_What to produce:_ Search term "Fabric": copy each line of the data containing it.

=== Exercise data ===

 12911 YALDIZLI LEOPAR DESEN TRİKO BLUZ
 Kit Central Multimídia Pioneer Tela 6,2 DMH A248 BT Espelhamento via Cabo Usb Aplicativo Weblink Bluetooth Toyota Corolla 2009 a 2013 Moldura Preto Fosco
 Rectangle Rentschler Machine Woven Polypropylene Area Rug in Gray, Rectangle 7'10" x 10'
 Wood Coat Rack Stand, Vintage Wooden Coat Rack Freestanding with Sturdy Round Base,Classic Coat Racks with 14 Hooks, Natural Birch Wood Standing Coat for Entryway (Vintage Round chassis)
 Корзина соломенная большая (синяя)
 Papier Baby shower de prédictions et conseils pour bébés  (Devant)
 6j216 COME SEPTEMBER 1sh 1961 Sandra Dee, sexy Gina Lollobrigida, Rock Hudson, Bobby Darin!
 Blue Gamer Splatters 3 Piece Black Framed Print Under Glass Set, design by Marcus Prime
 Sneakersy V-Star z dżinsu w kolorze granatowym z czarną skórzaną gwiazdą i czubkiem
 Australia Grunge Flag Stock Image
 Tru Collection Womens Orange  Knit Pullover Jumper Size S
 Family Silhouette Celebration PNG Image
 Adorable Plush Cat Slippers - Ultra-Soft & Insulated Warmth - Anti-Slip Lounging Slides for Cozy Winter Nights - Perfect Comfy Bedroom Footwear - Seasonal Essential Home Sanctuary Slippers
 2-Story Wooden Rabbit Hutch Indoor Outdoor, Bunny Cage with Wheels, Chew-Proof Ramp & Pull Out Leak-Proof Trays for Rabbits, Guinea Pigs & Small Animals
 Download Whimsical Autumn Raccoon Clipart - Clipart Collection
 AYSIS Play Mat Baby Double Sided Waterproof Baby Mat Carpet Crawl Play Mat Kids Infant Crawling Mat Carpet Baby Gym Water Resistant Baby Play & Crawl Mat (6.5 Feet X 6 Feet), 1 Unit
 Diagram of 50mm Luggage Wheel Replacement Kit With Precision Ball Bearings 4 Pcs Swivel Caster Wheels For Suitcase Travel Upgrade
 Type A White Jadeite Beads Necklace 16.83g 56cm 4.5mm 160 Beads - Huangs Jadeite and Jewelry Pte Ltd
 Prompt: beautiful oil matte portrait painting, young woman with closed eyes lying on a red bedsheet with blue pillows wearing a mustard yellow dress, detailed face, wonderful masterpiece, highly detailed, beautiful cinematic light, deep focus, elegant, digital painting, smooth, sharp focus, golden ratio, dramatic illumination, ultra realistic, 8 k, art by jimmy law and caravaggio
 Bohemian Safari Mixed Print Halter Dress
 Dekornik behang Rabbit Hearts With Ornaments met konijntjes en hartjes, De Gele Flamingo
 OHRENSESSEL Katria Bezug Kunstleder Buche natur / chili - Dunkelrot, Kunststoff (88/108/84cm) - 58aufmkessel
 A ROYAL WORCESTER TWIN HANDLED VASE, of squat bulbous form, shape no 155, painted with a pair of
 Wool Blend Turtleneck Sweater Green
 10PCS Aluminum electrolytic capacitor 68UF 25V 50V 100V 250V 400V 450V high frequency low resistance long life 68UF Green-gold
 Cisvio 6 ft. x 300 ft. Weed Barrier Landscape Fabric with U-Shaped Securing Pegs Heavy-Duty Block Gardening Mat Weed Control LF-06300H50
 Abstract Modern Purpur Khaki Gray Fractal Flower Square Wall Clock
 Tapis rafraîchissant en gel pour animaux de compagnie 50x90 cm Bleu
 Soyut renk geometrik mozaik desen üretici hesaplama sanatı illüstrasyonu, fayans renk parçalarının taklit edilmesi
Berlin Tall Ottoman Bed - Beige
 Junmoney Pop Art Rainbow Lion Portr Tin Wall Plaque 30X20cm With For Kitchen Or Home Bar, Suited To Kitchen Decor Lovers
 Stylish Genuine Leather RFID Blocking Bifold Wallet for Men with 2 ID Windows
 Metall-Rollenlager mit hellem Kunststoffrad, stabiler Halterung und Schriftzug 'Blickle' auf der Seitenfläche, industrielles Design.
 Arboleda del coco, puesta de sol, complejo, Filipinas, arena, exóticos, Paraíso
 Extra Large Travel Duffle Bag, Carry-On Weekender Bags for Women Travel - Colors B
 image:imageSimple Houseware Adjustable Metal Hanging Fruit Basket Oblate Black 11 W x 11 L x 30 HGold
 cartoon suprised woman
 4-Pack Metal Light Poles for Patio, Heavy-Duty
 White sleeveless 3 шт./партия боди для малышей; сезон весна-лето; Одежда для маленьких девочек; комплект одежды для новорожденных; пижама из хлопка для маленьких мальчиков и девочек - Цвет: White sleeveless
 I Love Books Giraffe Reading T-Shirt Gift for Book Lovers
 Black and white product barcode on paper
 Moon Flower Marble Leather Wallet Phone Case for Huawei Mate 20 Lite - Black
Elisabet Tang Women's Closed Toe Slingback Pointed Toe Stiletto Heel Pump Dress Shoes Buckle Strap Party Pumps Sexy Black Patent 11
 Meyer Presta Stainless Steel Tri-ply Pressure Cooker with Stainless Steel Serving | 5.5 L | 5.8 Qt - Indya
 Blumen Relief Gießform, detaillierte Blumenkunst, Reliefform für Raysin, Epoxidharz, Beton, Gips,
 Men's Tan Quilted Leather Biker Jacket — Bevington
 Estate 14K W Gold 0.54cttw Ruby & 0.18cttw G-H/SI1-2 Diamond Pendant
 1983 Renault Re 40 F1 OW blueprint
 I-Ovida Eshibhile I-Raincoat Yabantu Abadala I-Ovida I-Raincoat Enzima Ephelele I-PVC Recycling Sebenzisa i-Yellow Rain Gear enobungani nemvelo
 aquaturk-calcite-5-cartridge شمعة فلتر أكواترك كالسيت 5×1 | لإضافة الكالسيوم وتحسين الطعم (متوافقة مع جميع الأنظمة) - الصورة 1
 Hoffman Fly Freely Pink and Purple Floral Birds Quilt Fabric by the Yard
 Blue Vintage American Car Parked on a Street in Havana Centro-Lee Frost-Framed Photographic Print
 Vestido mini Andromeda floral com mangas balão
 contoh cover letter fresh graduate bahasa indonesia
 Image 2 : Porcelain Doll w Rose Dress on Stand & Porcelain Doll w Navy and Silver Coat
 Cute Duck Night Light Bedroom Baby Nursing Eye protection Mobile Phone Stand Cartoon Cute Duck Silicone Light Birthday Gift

===

_Written reply:_
 Cisvio 6 ft. x 300 ft. Weed Barrier Landscape Fabric with U-Shaped Securing Pegs Heavy-Duty Block Gardening Mat Weed Control LF-06300H50
 Hoffman Fly Freely Pink and Purple Floral Birds Quilt Fabric by the Yard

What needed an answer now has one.